Home Management The Importance of Couching Your Strategy

The Importance of Couching Your Strategy

by Dr. Linda Henman

On August 2, 2016 the Rio Olympics gave us a gift—the perfect metaphor for the intersection of absurdity and danger—a kayaker capsized after hitting a rogue sofa in Guanabara Bay.  Apparently, although highly skilled and highly trained, this particular kayaker had no knowledge or training for what he should do should he encounter submerged furniture during a race. And what about scoring? Does the kayaker who doesn’t encounter a couch have an advantage?
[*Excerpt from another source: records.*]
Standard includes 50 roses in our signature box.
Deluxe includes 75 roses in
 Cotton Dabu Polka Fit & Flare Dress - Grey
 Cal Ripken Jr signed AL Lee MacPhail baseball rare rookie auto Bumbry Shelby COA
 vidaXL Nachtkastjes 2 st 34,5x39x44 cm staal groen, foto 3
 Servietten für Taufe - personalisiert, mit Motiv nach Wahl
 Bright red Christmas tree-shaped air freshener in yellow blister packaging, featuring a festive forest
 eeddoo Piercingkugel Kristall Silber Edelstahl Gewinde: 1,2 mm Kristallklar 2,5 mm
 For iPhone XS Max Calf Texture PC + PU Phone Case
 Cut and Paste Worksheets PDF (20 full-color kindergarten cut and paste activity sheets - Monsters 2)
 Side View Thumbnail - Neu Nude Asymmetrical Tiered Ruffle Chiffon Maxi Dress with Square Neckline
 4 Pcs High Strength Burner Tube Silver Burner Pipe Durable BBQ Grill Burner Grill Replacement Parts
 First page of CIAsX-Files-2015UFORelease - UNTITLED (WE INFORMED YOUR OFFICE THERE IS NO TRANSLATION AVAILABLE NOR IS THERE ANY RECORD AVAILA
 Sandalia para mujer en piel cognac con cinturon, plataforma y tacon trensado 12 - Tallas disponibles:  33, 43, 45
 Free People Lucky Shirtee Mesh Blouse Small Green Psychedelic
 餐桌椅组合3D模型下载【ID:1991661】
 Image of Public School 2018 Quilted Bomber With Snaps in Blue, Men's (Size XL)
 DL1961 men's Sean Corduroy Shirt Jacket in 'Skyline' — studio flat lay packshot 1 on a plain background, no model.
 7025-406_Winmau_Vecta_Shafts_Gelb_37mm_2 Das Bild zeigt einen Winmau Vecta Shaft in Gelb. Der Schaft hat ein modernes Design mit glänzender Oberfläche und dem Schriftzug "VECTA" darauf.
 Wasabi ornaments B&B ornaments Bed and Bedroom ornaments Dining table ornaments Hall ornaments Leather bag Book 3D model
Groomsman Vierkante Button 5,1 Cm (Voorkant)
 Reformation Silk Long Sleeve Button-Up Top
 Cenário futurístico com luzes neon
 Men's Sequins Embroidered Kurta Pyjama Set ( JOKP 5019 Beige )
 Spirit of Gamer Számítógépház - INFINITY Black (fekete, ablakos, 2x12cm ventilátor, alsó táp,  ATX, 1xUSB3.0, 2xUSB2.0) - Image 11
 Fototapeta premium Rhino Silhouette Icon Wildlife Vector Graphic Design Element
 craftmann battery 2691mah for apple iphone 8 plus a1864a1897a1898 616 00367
And what if it’s really a daybed that has been misrepresented in the media?

Even though you have hired top talent and trained them to excel at their jobs, can you really be sure that they won’t encounter the organizational equivalent to a sunken sofa? Or that decision-makers will know how to handle unexpected, unpleasant, and untimely surprises? Most executives in most companies know what they need to do to make the day-to-day decisions that get products out the door, but what of the unwelcome intruder that pushes its way in? For this contingency, you’ll need a different sort of person—a person who embodies good judgment, solid morals, experience, and fortitude. In short, you’ll need a person who can make the tough calls. You’ll know you have this sort of person on your team when you meet a person who:

  • Knows how to clearly establish a goal before defining the tactics for achieving it
  • Prioritizes well
  • Doesn’t get mired in inconsequential details
  • Doesn’t take “no” for an answer
  • Creates order during chaos
  • Understands how to solve complicated, unfamiliar problems
  • Can multi-task successfully

How many people can resist the temptation of checking behind the shower curtain when entering a new restroom? But if they were to encounter a bad guy in a ski mask lurking in the tub with an Uzi in his hand, what’s the plan?

Your company needs people who don’t need a plan, people who will think on their feet and respond favorably to surprises. Only then can you be reasonably certain that you have a strategy that won’t flounder and founder with the first hidden obstacle.